The Torre del Mangia is Siena’s most recognizable landmark. If you climb the steps to the top, you can look down to Il Campo and then up to the Duomo and the Tuscan countryside beyond the city.
Newspaper headlines announce the latest news about the Palio; Corriere di Siena reports on a fight between members of Bruco and Giraffa that I saw in the piazza after a prova (test race). At a café, people catch up with their favorite newspapers and magazines.
The gelaterias are all busy during the Palio, especially because it’s the middle of a hot summer. Bakeries and cafés also work extra hard to feed the crowds.
A shop sells panforte, a sort of fruitcake believed to have been invented in Siena in the 13th century. Panforte is typically available in a variety of flavors.
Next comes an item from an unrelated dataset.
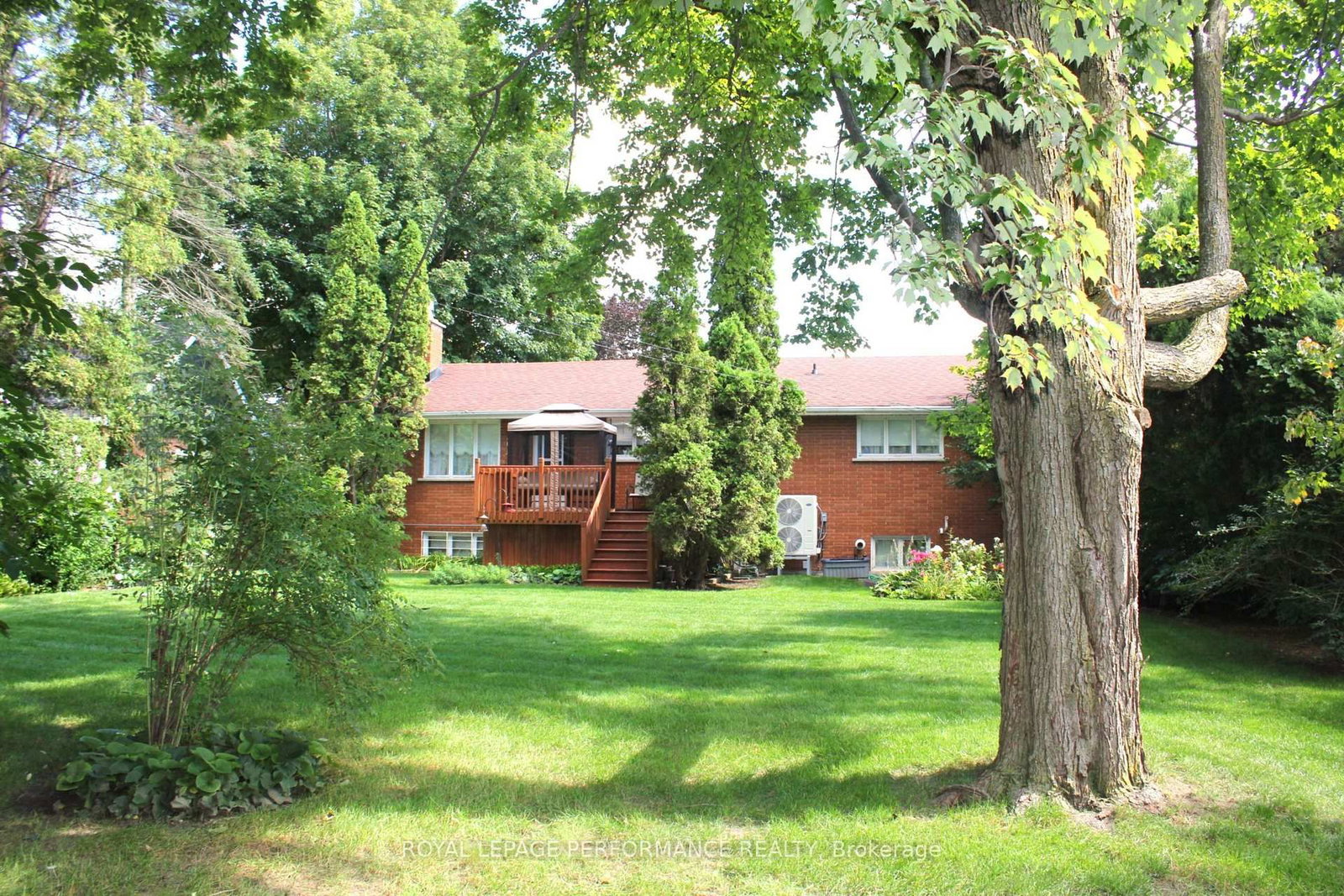 729 Iroquois Drive • Cornwall, ON photo 10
Each shop tends to have its own proprietary recipe.
A woman minds the flowers in her window, and an enshrined painting of Jesus watches over the street.
The mirror of a parked motorbike catches the image of a nearby bell tower.
A man reclines on the ancient marble of an old street while working on a 21st-century laptop computer.
On my early trips to Europe, these phone rooms would be busy. Now they’re used only by the rare few who don’t have their own mobile phones. Also, I never understood the irregular spacing of the phones on the wall.
A poster announces the Palio dell’Assunta of 2011 and the 10 contrade that will compete. Another poster describes the seating sections available in the bleachers and how much they cost. Tickets range from 190 to 300 Euros, which is why the majority of spectators stand for free in the infield.
In the week leading up to the Palio, you may see contrada marching through the streets; the man in the first picture wears the costume of Contrada del Montone (Ram). I also encountered men carefully maneuvering the large wooden Carroccio (Carriage), which will later be pulled by oxen to carry dignitaries and the Palio banner around the Il Campo race track just before the final Palio race.
Guards in traditional armor stand watch outside the Cortile del Podestá. It’s empty at the moment, but it’s where the horses emerge before each race.
In a shop window, a television silently plays recordings of past Palio races, and fans will stop to watch them. Around the corner from the Giraffa rehearsal dinner the night before the Palio, a woman finds a moment of peace. (In her hand is a microphone labeled C3T, which stands for Canale 3 Toscana…she’s a television presenter.)